Most earthquakes and volcanoes occur on plate boundaries. They are typically found forming long lines or chains. They often occur along coastlines. They are most commonly found around the Pacific Ocean, in Asia, North America, South America and Oceania.

There are four types of plate boundary:

Constructive or divergent
Destructive or convergent ocean to land
Collision or convergent land to land
Conservative or transform

1.Constructive or divergent plate boundaries spread apart.

Two oceanic plates are moving apart, due to the convection currents beneath. As a gap is created between the plates new rock (magma) rises up to the surface from the mantle. This creates a chain of volcanoes, often underwater. This movement also causes earthquakes. This type of boundary is found in the centre of the Atlantic Ocean, forming an ocean ridge.

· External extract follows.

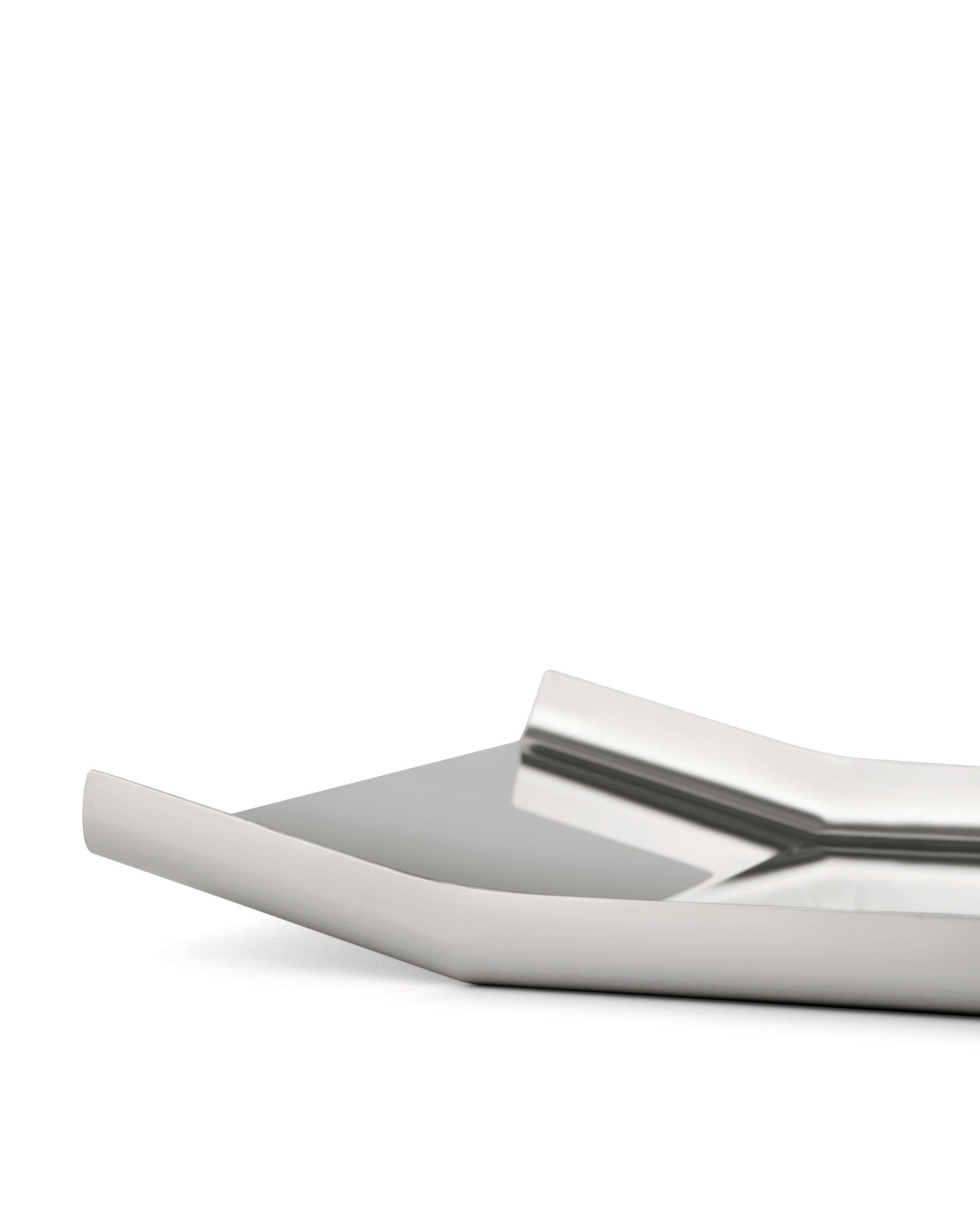 Silver metallic tray by Alessi with a sleek, modern design and reflective surface, viewed from a low angle.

2.Desctructive or convergent ocean to land plate boundaries push together.

An ocean plate is pushed towards another plate by convection currents. The denser and heavier oceanic crust is pushed underneath another piece of crust, often the lighter and thicker continental crust. This is called subduction. As it is pushed down it creates a deep ocean trench. As it is pushed into the mantle it is heated and the plate melts to form magma creating volcanoes. The movement also causes earthquakes. This type of boundary occurs around the Pacific Ocean and is called the Ring of Fire.

3.Collision or convergent land to land plate boundaries push together.

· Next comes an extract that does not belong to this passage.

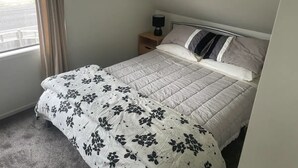 A bedroom with a bed, a nightstand, a lamp, and a window with curtains. - Ohope Dreamer 1 (Ōhope)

Light and thick continental crust pushes into another piece of continental crust, due to convection currents. No crust is pushed down (subducted) at this boundary. Instead the crust and sediments fold up to create mountains called fold mountains. This movement creates earthquakes but no volcanoes. This type of boundary occurs between India and the rest of Asia creating the Himalaya Mountains.

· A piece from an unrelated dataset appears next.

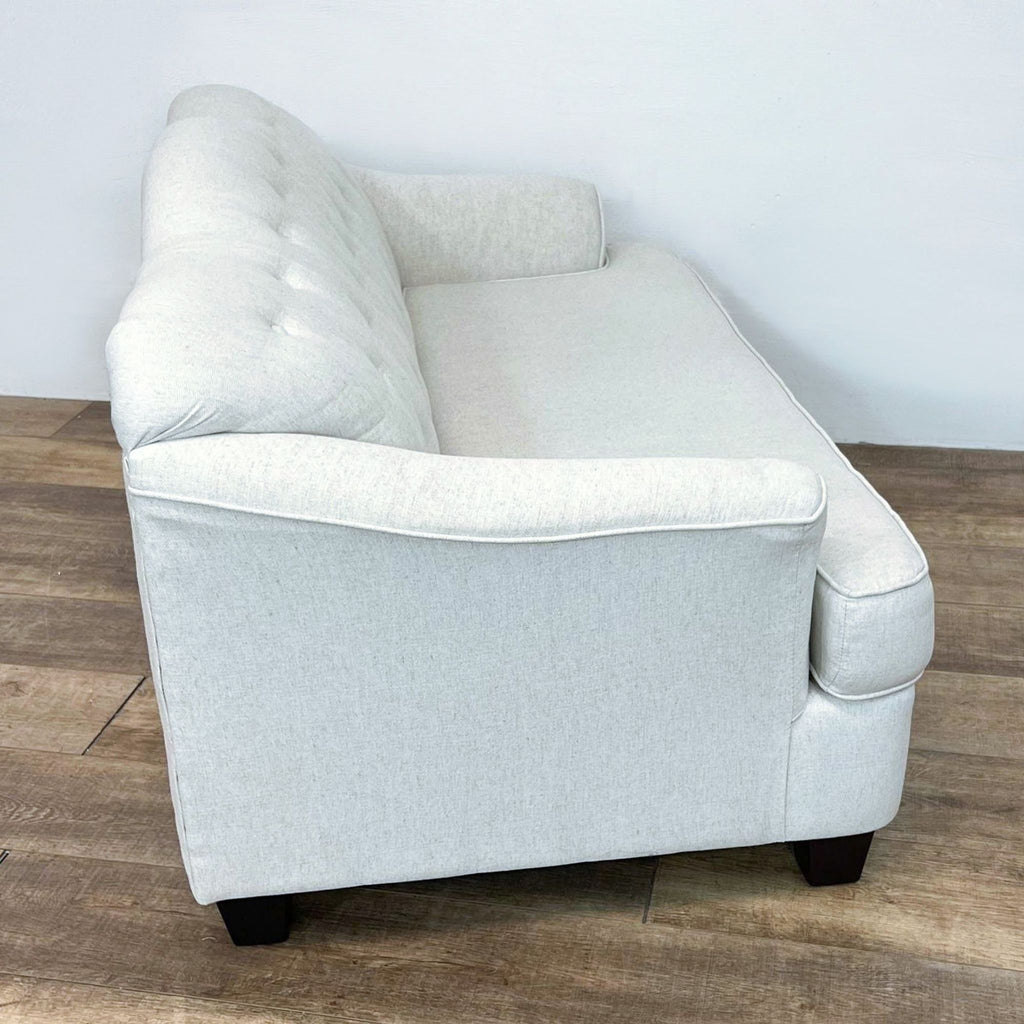 Side view of a tufted loveseat with dark finish feet on wooden floor.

4.Conservative or transform plate boundaries slide past each other.

Due to convection currents two plates (either oceanic or continental crust) slide past each other. They move in different directions or in the same direction at different speeds. Friction causes them to stick together until the pressure builds and they suddenly move. This releases seismic energy and creates earthquakes but not volcanoes. This type of boundary is found in California, USA along the San Andreas fault.

Volcanoes

Volcanoes erupt like a bottle of fizzy drink. The gas pressure builds in the magma chamber. This creates a weakness in the crust until a vent forms. The gas escapes very quickly carrying magma out through the crater. Outside the volcano this liquid rock is called lava. The explosion may also blast ash into the atmosphere. Runny lava at a divergent boundary creates a shield volcano with gently sloping sides. Sticky lava at a destructive boundary creates a steep sided cone volcano.

Earthquakes

Earthquakes occur where plates are rubbing together. The rough edges create friction. This prevents movement along the fault. The convection current increases the pressure until the friction cannot hold any longer. The plates move with a jerk. This creates seismic energy which spreads out from the focus – the point underground where the earthquake begins. It is felt strongest at the epicentre – the point on the surface above the focus. Earthquakes are measured on the Richter Scale with a seismometer.

CASE STUDY

Both Nepal and Japan are countries in Asia. They are both on the Eurasian Plate. Nepal is on a collision plate boundary between the Eurasian Plate and the Indo-Australian Plate. Japan is on a destructive plate boundary between the Eurasian Plate and Pacific Plate.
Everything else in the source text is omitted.